*REQUIRED WORK*. Only the text belongs in the copy. Transcribe the data exactly and drop any pictures.

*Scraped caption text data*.
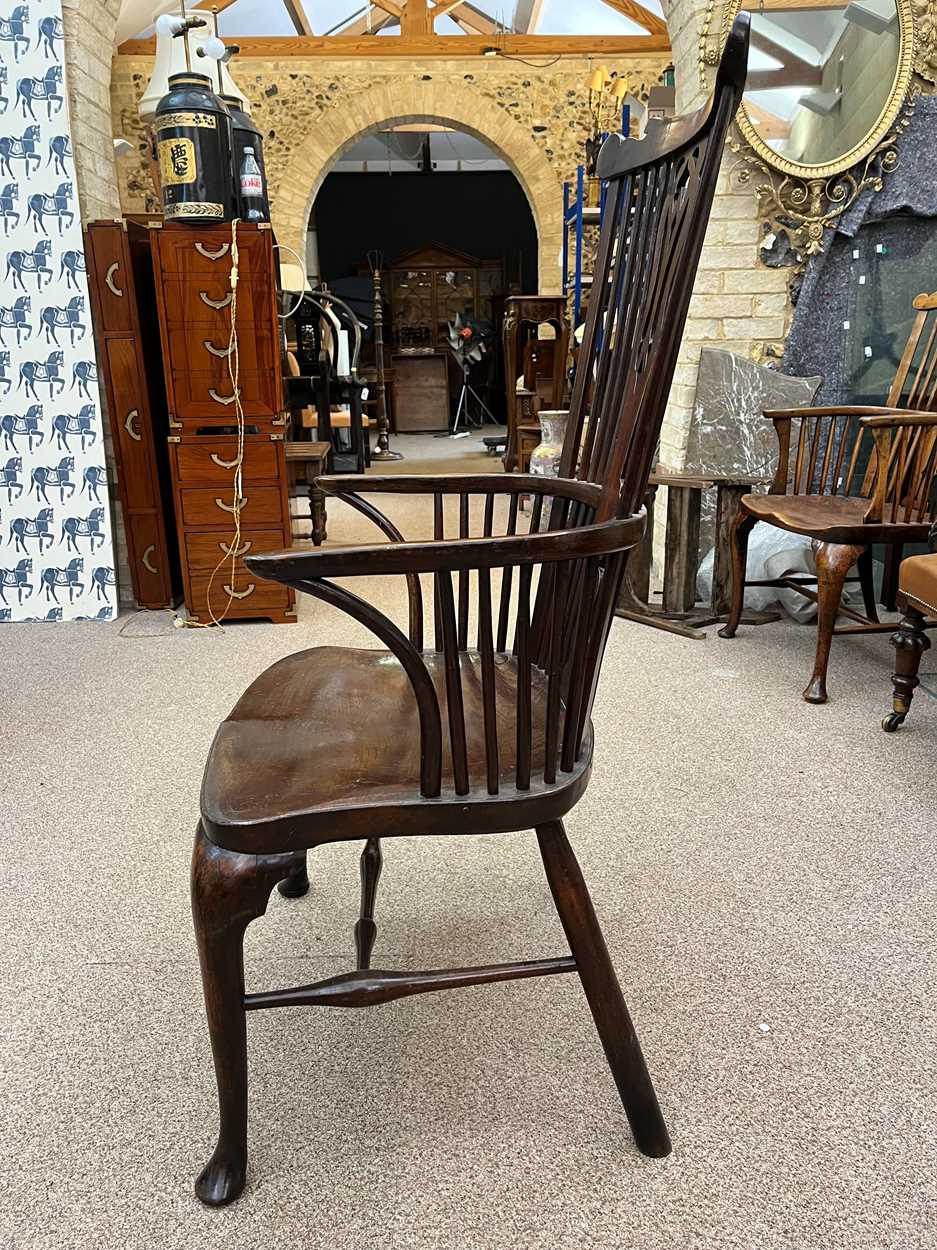 A Thames Valley walnut, fruitwood and elm comb-back arm chair, circa 1800, - Bild 4 aus 12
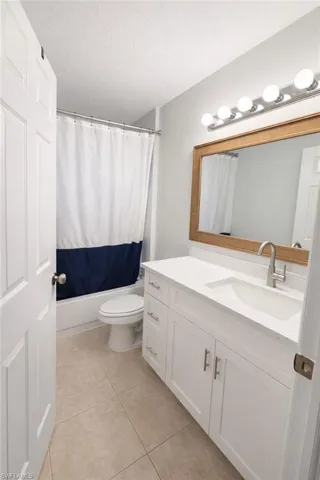 Bathroom with vanity, a textured ceiling, light tile patterned flooring, and shower / tub combo with curtain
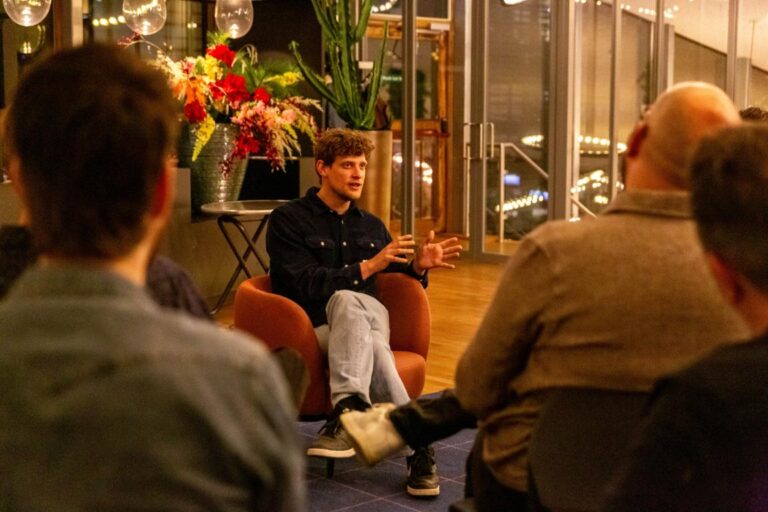 Lars Lensink spreekt gepassioneerd tijdens een All Ears Club-bijeenkomst bij NPO Luister, omringd door aandachtig publiek.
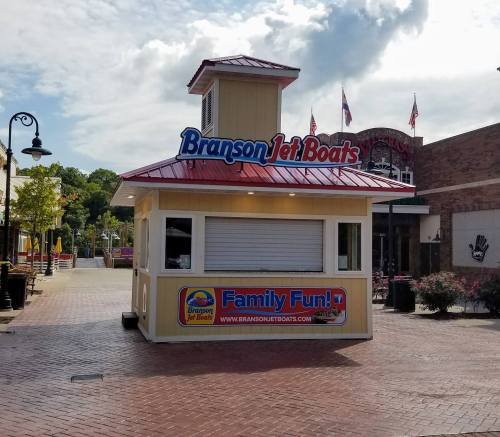 A small ticket booth for Branson Jet Boats, featuring a red roof and signage promoting family fun.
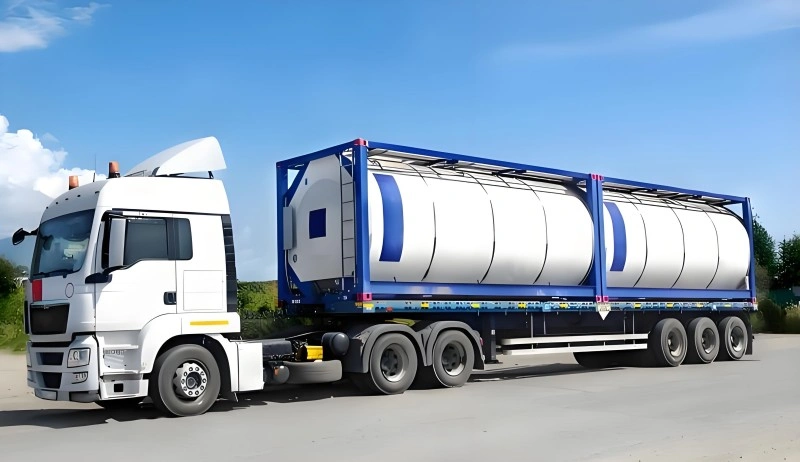 white truck transporting a large ISO tank container equipped with IoT sensors for real-time monitoring of oversized cargo during multimodal transport.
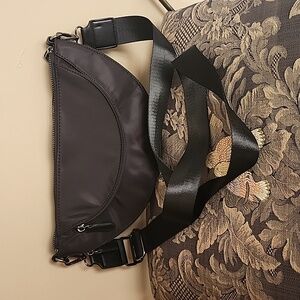 New, black Chico's half moon crossbody bag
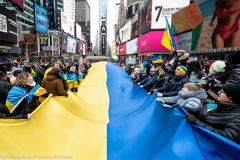 February 24, 2022 - New York, NY, United States: Demonstrators holding a very large Ukrainian flag at a "Stop Putin" rally organized as a response to the war in Ukraine.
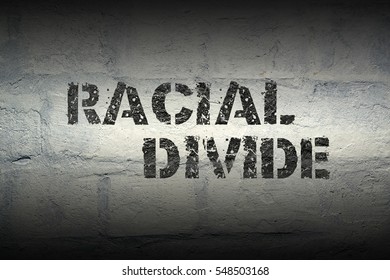 Racial Divide Stencil Print On The Grunge White Brick Wall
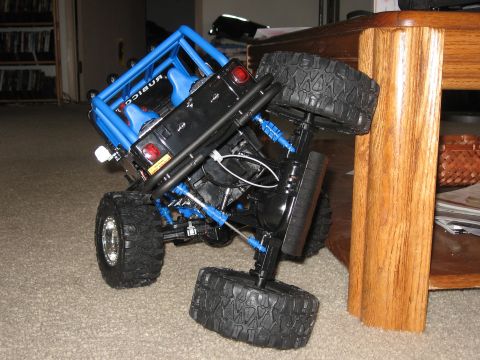 1990 Ford Bronco - A black remote control toy truck with a blue roll cage is tilted on a carpeted floor next to a wooden table.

*EXERCISE RESPONSE*.
 A Thames Valley walnut, fruitwood and elm comb-back arm chair, circa 1800, - Bild 4 aus 12
 Bathroom with vanity, a textured ceiling, light tile patterned flooring, and shower / tub combo with curtain
 Lars Lensink spreekt gepassioneerd tijdens een All Ears Club-bijeenkomst bij NPO Luister, omringd door aandachtig publiek.
 A small ticket booth for Branson Jet Boats, featuring a red roof and signage promoting family fun.
 white truck transporting a large ISO tank container equipped with IoT sensors for real-time monitoring of oversized cargo during multimodal transport.
 New, black Chico's half moon crossbody bag
 February 24, 2022 - New York, NY, United States: Demonstrators holding a very large Ukrainian flag at a "Stop Putin" rally organized as a response to the war in Ukraine.
 Racial Divide Stencil Print On The Grunge White Brick Wall
 1990 Ford Bronco - A black remote control toy truck with a blue roll cage is tilted on a carpeted floor next to a wooden table.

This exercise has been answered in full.